## Exercise
For this exercise, return only the lines in the records below from the one holding "This video is" through the one holding "Once you're done", including both, exactly as they appear and without pictures.

## Dataset entries

○ ○ ○ ○ ○ ○ ○

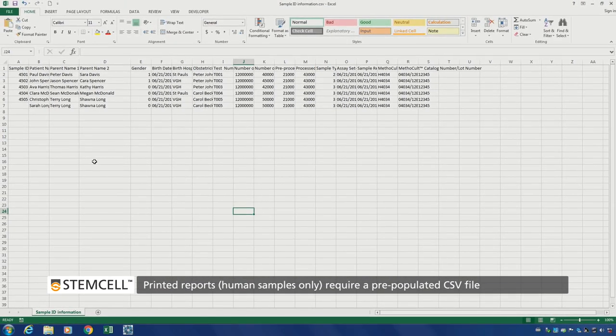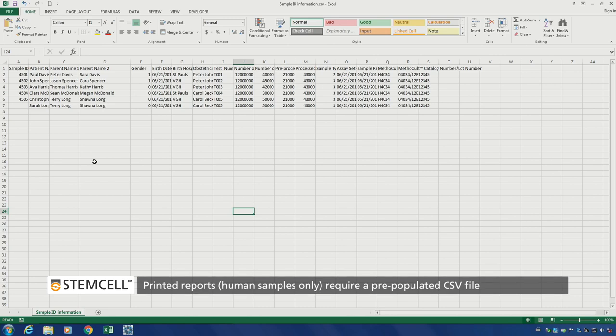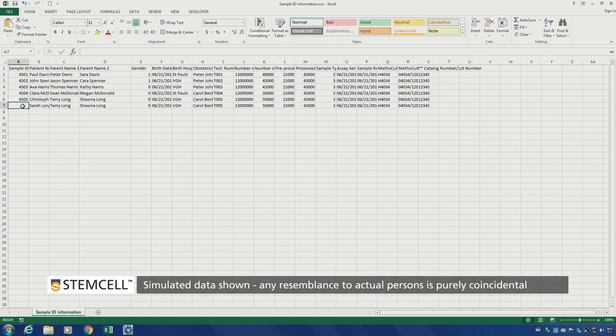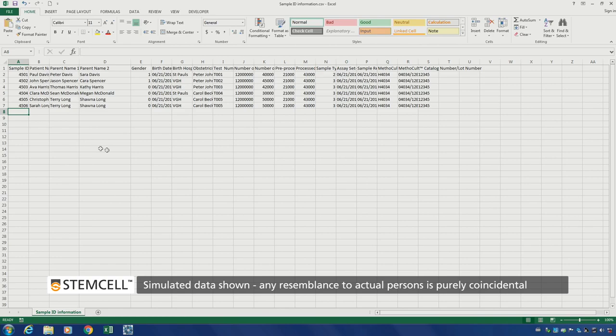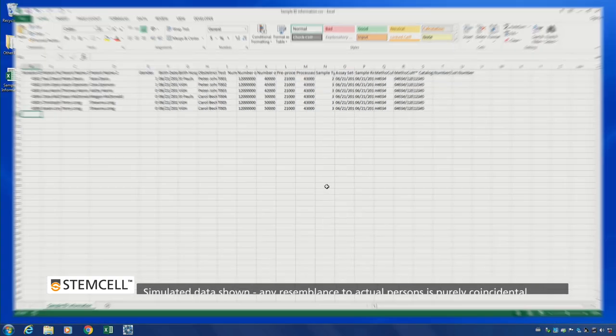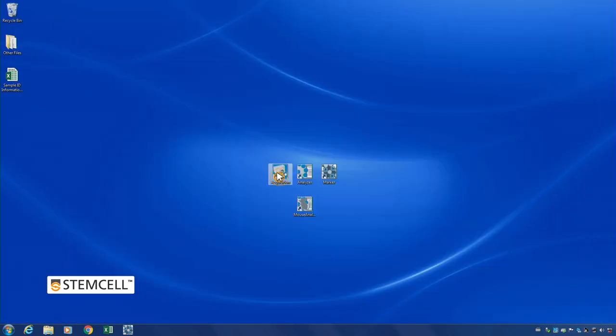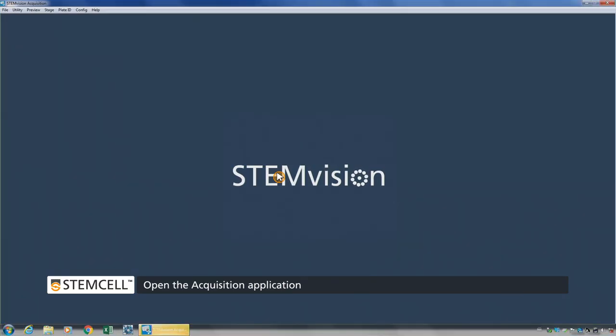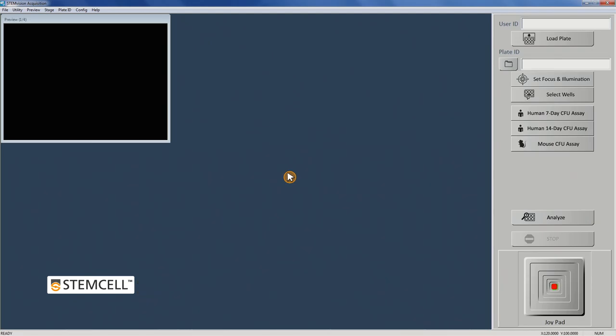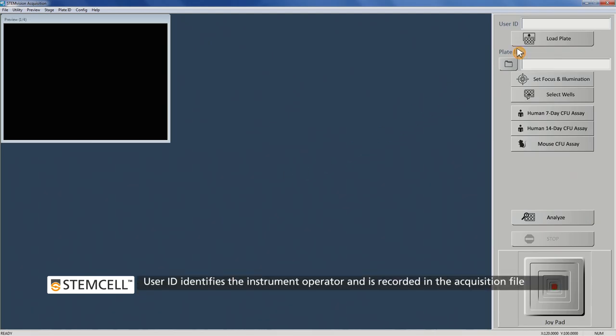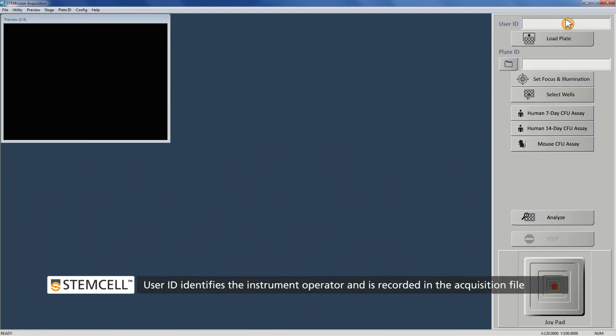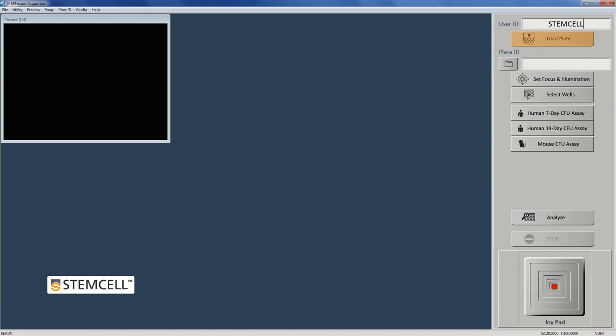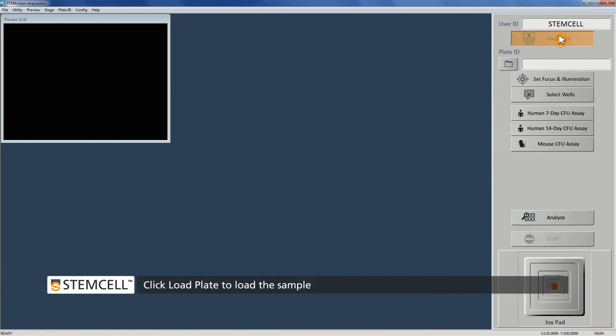A sample ID for each well is required for tracking and report generation. These can be entered through bulk upload using a CSV file saved to your computer or added manually at a later time. To start a run, open the Acquisition application. Complete the User ID field if needed. Then click Load Plate to load your sample.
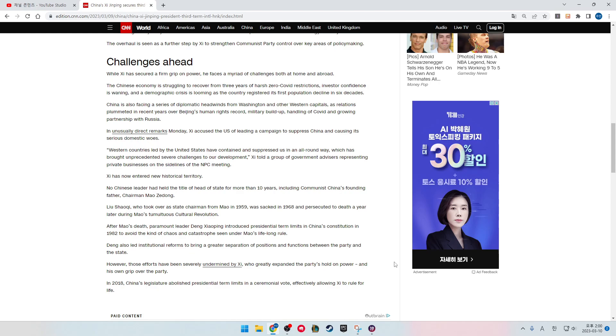After Mao's death, paramount leader Deng Xiaoping introduced the presidential term limit in China's constitution in 1982 to avoid the kinds of chaos and catastrophe seen under Mao's lifelong rule. Deng also laid out institutional reforms to bring a greater separation of positions and functions between the party and the state.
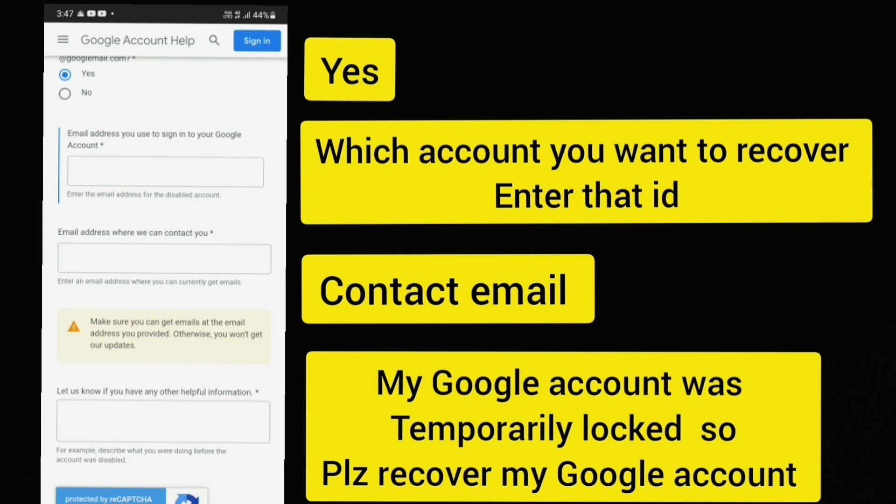If you are not able to type, you can submit a submit option. If you submit the option, you can send a Google account. If you have a request, you can reply. If you have a contact mail, you can reply. That's why you have an email.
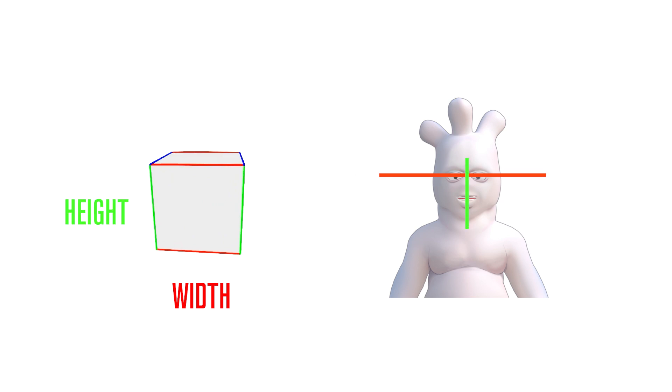Height is the dimension that runs vertically perpendicular to the viewer, so the line that the viewer's nose follows.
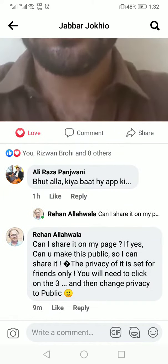So, Rehanawala, we have a lot of time and we have to guide them. Can I share it on my page? If you can make this public so I can share it — the privacy of it is set for friends only. You will need to click on the three dots and change its privacy to public.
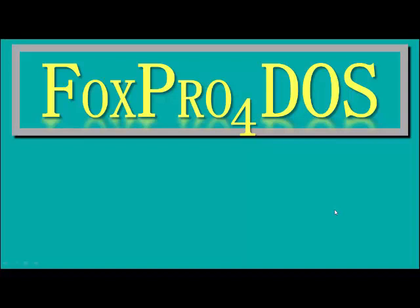Hello and welcome to FoxPro4DOS. This is going to be a quick overview of how to use DBDOS Pro 4 with FoxPro4DOS.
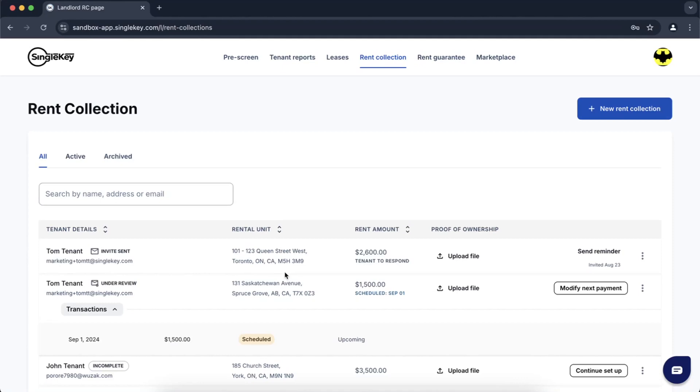Hi, my name is McKenzie and I'll walk you through how to use our rent collection tool here at SingleKey. Once you log into your account you'll be brought to the tenant report screen. Come across the top and click on rent collection.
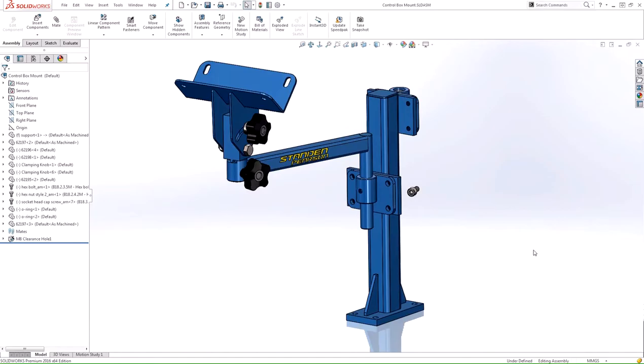Hi everyone, my name is Gabe Grisoligo, Applications Engineer at Hawkrid Systems, and in today's video I'm going to talk about a huge time-saver when working with assemblies called Copy with Mates.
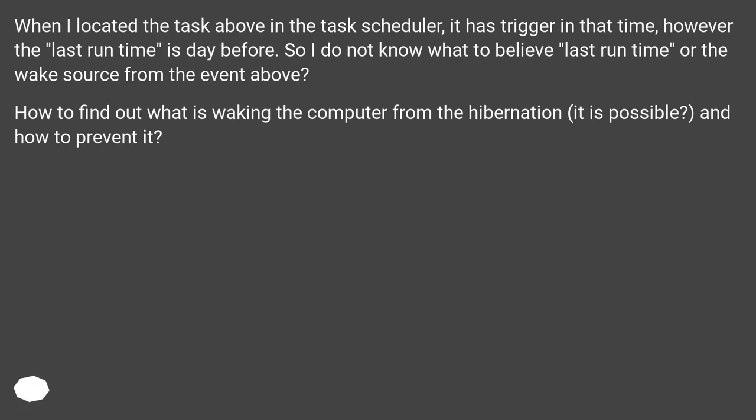When I located the task above in the task scheduler, it has trigger in that time. However, the last run time is day before. So I do not know what to believe last run time or the wake source from the event above?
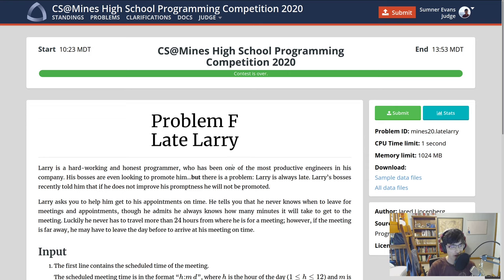Alright, let's take a look at problem F, which was Late Larry. This problem ended up being a little bit more difficult than expected. It has a bunch of time manipulation that you have to do, which is always a little bit difficult, but this one turned out to be even more difficult because of a couple of edge cases.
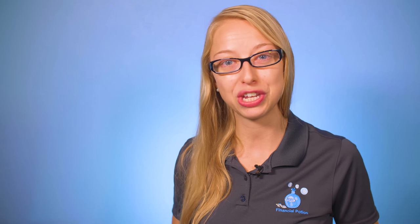If you're looking for more one-to-one training, please click above and connect with us on our Patreon page.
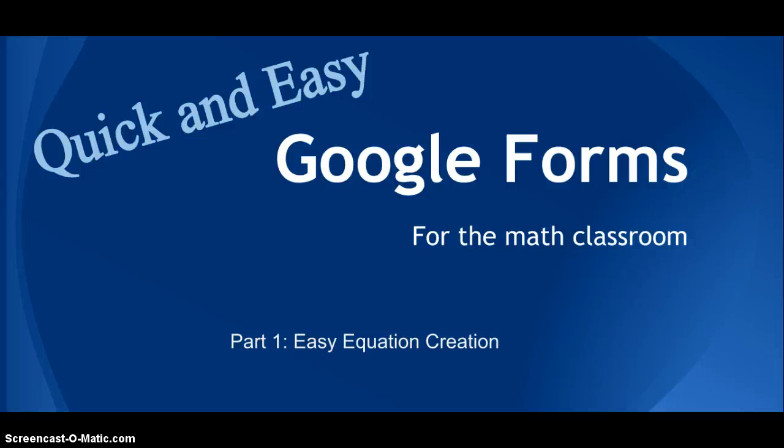Hey, my name is Paul and I'm going to show you how to make quick and easy Google Forms for the math classroom in two parts.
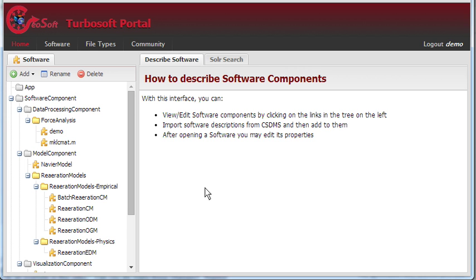In order to make it easier for scientists to fill in and maintain their code, GeoSoft is able to take sample input and output files and automatically fill in the I.O. specifications for that component.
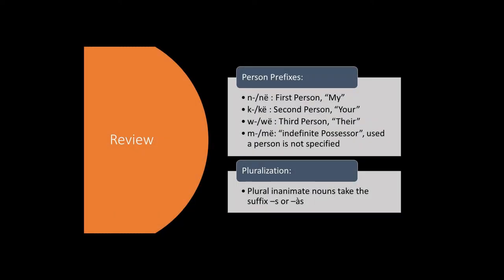To review from last time, we went over the person prefixes: N or N for first person, my; K or K for second person, your; W or W for third person, their; and M or M for an indefinite possessor used when the person possessing the body part is not specified. Last time we also went over pluralization for inanimate nouns for which you add the suffix s or us.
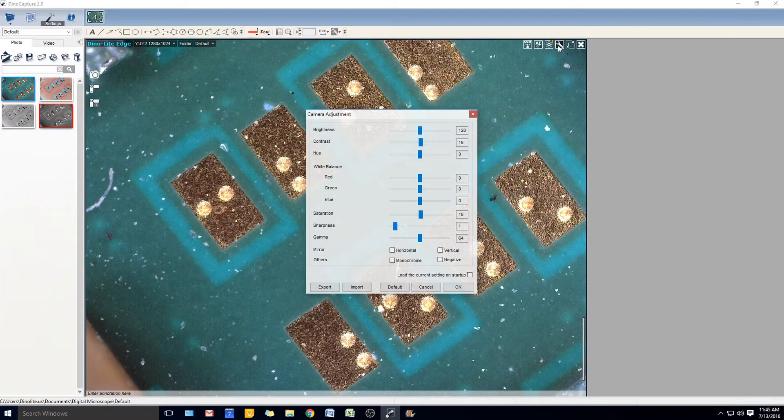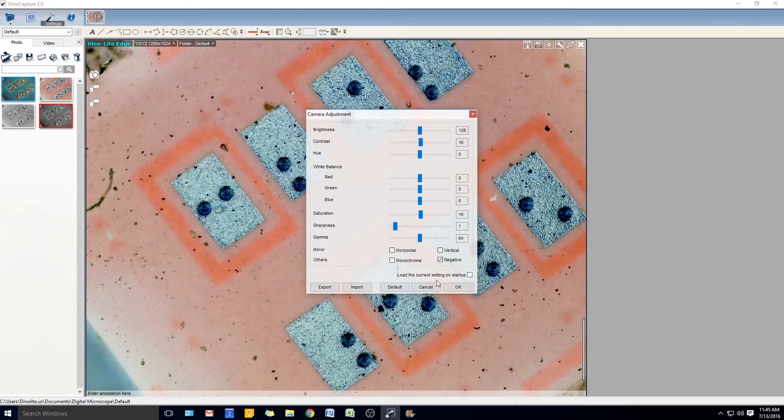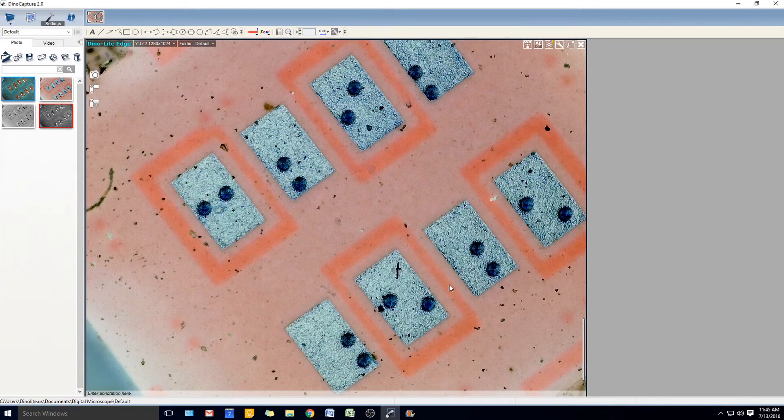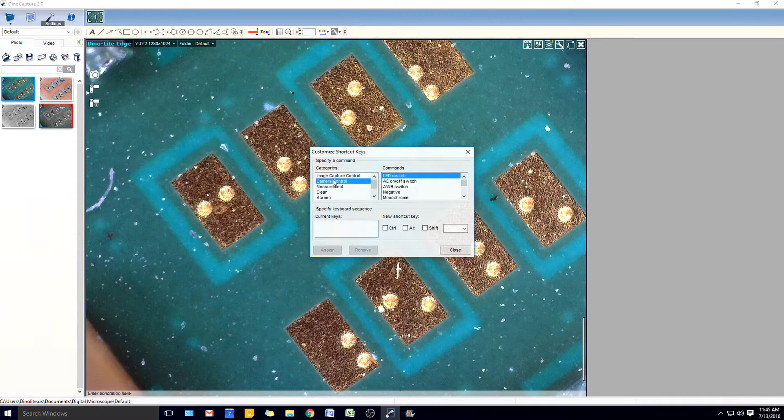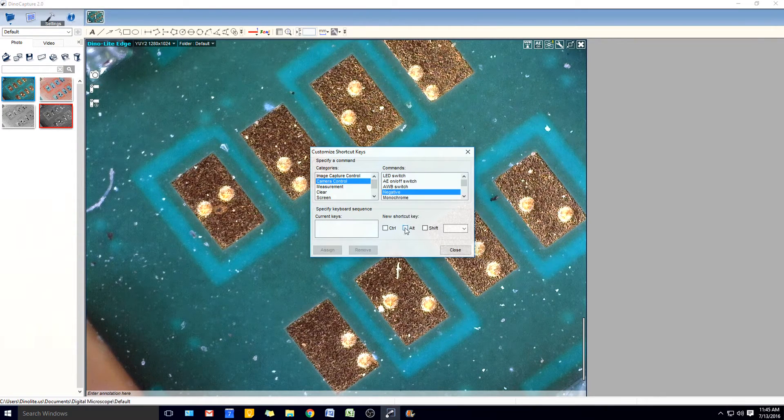Users who constantly switch from negative to normal viewing modes used to have to go to the Settings to open the menu and check the negative box each time you wanted to alternate viewing.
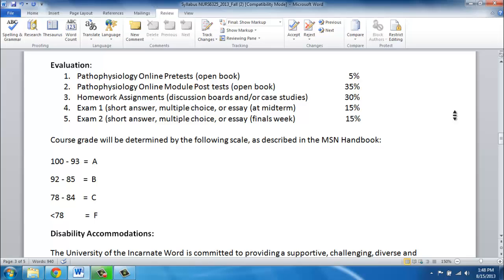You will also have homework assignments, which will be discussion boards and case studies, and these are 30% of your grade. As I pointed out in the previous video, the rubrics for these are on Blackboard, so look at those grading criteria very carefully. They really do explain what you have to do to get the grade you want, which I'm sure is an A.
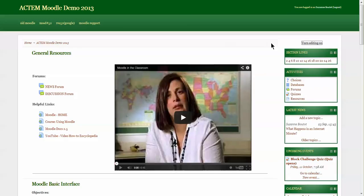This video is about self-enrollment, having students enroll themselves into the Moodle course to save time and energy for the teacher. The first thing that the Moodle teacher needs to do is scroll down to the course settings.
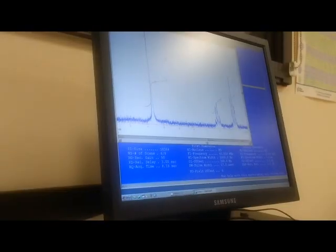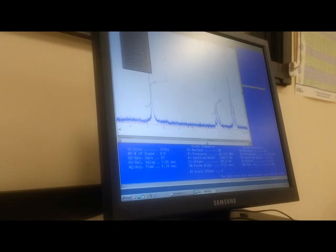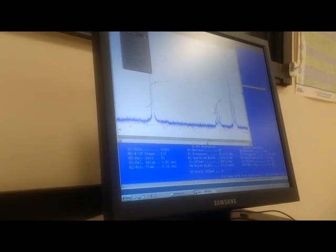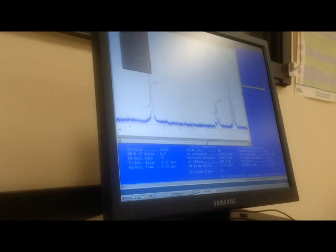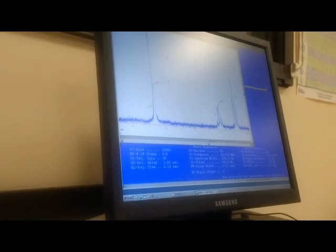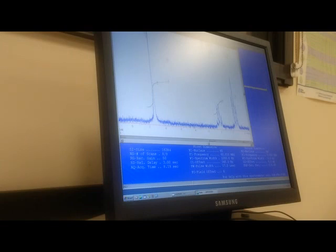Once you're done with peak picking and integration, you want to go to View and choose Show Integral as well as Show Peak Labels. And that'll show the labels and integration curves that you've just created. And then now you're ready to print. Now, we wish we had a printer here. We actually don't.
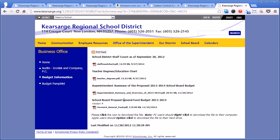Of course, the best way to get information about the budget is to participate in the process and to show up at either school board meetings or municipal budget committee meetings and get the information firsthand. But if you can't do that, this is a great opportunity to go online and find out what is available in terms of the budget and where we're currently at.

○ ○ ○ ○ ○ ○ ○

## Final answer
This video is about self-enrollment, having students enroll themselves into the Moodle course to save time and energy for the teacher. The first thing that the Moodle teacher needs to do is scroll down to the course settings.
Once you're done with peak picking and integration, you want to go to View and choose Show Integral as well as Show Peak Labels. And that'll show the labels and integration curves that you've just created. And then now you're ready to print. Now, we wish we had a printer here. We actually don't.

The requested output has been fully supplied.